Page 16 of Murphy's Law


  “Sure,” Nick said easily. “I’ve mopped up liters of blood, my own and that of teammates. There’s not much that turns my stomach, believe me.”

  Guzzanti nodded. “It’s hard enough to clean up after the dead, we don’t like to worry about cleaning up after the living. So, now we can—”

  “Wait a minute.” Dante tried to quell the panic he’d felt at Guzzanti’s words. “I’m—we’re here to pick up the results of the autopsy.”

  Guzzanti scratched his crown of gray hair. “Well,” he drawled, “that would be kind of hard to do. Seeing as how the body hasn’t been posted yet.”

  Dante frowned. “Not posted? Why not? What is this? The man should’ve been posted yesterday. Who knows what clues we’re losing?”

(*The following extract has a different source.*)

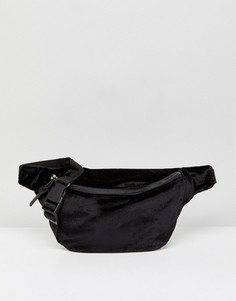 Черная бархатная сумка-кошелек на пояс ASOS - Черный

  Guzzanti sighed. “You’re not losing anything. The American has been kept in the morgue under stable, chilled conditions. No deterioration has taken place. Trust me.”

  “Why wasn’t the autopsy done before?” Dante could feel his heart racing and a cold sweat filming his torso. His family knew about his weak stomach and gave him some mild grief, but nobody really realized how weak it was. At the thought of witnessing an autopsy his stomach seemed to float up his esophagus.

  In all his years as a cop, he’d managed to adroitly avoid attending autopsies. Loiacono attended them religiously, but Dante couldn’t figure out what a non-doctor could possibly get out of watching the process. He figured the doctor’s report was more than good enough.

  “The autopsy wasn’t done before because we are understaffed and because we had, not one, but two cases of suspected Creutzfeld-Jacob disease.”

  Dante was horrified. “Mad cow disease?” he breathed. “Here? In Siena?” Just the other night he’d had a big, juicy bistecca fiorentina. Maybe encephalopathy prions were even now settling in his brain, eating big holes.

  “That’s right.” Guzzanti nodded grimly. “And I had the Local Health District Administrator, the head of this hospital, the heads of three trade unions, the head of the local farmers’ co-operative, our senator and my wife breathing down my neck as we examined the brains centimeter by centimeter under a microscope. And I mean that literally.”

  Oh, God, Dante thought. “And?”

  “Dementia praecox. Both of them.”

  “Whew.” Dante didn’t even want to think about an outbreak of mad cow disease.

  “And that, gentlemen,” Guzzanti declared, snapping his desk diary closed, “that is why we have one—” He glanced at the form he held in his hand. “—one American professor, presumably stabbed to death, though it is bad form to make pre-post guesses, still awaiting our scrutiny.” He walked over to his office door and opened it. “If you’ll come with me, we can start right away.”

  “Hey.” Nick had perked up. “We’re going to watch an autopsy. Cool.”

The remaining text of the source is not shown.